As part of his plea deal, Narvaez agreed to forfeit $20 million in profits — and faces a minimum of 20 years and a maximum of life when he’s sentenced.
Narvaez oversaw a sprawling criminal enterprise that manufactured cocaine in the Cauca region from July 2009 to April 2013. He was a top producer of the drug at the time, raking in at least $10 million a year, according to federal prosecutors.
The drugs were transported from jungle labs to port cities on the Pacific Ocean then by ship to the US.

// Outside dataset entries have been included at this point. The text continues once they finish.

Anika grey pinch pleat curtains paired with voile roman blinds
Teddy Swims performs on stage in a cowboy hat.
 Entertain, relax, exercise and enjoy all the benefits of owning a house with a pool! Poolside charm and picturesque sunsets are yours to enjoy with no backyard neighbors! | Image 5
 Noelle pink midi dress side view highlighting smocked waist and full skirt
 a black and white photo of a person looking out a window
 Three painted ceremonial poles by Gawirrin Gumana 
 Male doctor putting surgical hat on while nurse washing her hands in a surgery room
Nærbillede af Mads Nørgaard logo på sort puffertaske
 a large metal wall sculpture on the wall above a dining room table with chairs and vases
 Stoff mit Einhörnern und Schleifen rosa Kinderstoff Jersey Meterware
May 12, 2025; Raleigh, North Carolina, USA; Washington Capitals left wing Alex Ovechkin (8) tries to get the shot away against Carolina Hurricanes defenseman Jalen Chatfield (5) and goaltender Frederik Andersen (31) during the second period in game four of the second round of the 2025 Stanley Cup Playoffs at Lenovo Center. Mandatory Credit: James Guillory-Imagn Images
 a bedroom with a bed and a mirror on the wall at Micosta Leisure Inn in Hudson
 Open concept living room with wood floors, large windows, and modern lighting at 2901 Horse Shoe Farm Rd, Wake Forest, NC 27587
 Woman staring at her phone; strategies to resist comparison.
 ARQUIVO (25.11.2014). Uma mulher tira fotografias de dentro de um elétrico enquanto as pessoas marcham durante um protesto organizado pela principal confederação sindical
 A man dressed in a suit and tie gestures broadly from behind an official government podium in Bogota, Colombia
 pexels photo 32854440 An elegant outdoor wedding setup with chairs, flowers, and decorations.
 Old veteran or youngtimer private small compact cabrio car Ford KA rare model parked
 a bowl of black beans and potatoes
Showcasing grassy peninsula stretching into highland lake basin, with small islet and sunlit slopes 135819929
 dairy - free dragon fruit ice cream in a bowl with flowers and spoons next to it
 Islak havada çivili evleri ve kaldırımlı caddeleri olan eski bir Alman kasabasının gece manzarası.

The route required Narvaez’s couriers to travel through regions controlled by the paramilitary group the Revolutionary Armed Forces of Colombia known as FARC. Narvaez paid leaders of the group, designated a foreign terrorist organization, for safe passage, according to the indictment.
Narvaez was extradited to the US in 2019.

The plea agreement was struck in the same courthouse where Joaquin “El Chapo” Guzman was tried and sentenced to life in prison for running a massive drug empire that for decades pumped millions of dollars in narcotics into the US.
Narvaez’s attorney, Michael Sporn, didn’t immediately return a request for comment.